Guitar-group of kids

My waiting list had grown, especially with prospective guitar students. What to do? I multiplied my time this summer teaching an 8-week group guitar class (read about my 8-week vocal group here: https://blog.musicteachershelper.com/group-lessons/).

Part 2: Group Guitar Class

I’ve seen great success with group guitar classes in the past—this was no exception. Here’s how I went about it. You may have excellent ideas, too. We’d love to read about them, if you’d share them below!

*How many in a group? Six students signed up. I’ve had as few as three and as many as thirteen. I’ve been in larger groups myself, so I’d go up as high as twenty. The toughest part of that is tuning. I have them come early for that.
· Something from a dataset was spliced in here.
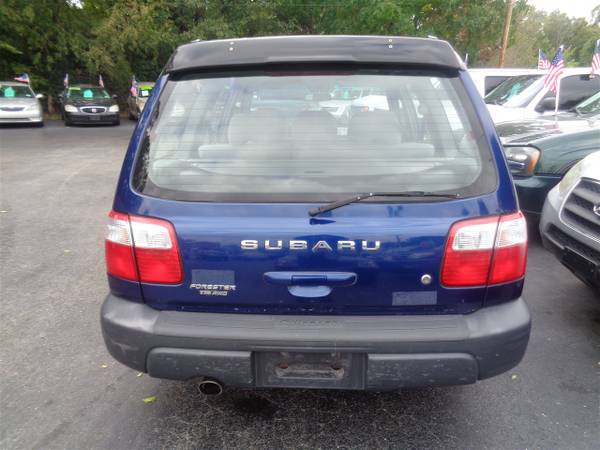 2001 Subaru Forester L AWD for sale in Decatur, IL – photo 3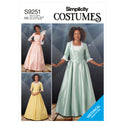 Simplicity Sewing Pattern S9251 Misses' Costumes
*What ages? Ten to adult. This group had three children (10+) and three adults. Though I enjoy groups of similar ages, I think the ones with adults and kids together are the most fun. The generations encourage and enrich one another, and the adults tend to remove the need-to-be-cool factor. We can get silly or serious. It makes the youngsters more open to songs of a variety of genres and decades.

*How long are classes? I aimed for forty-five minutes, but we usually ended up going over.

*Materials used? This class was for absolute beginners. I came up with my own instructional materials and compiled appropriate songs, which has given me complete freedom to tweak as I go for the particular group. I also have future group guitar class materials for advanced beginners, intermediate, advanced intermediate, and advanced. I’ve often had students stay with me through all five groups, and then enroll in private lessons.

I present most songs as chord/lyric sheets. I decorate with copyright-free clipart.

Each student must have an acoustic guitar to play. No electrics—I don’t like to mess with cords and amps in a group. I’d get hoarse talking over them!

guitars on stands

*Where to hold the class? I’ve taught in my home studio, in my living room, and at two different churches in town, depending on the size of the classes. They all work well.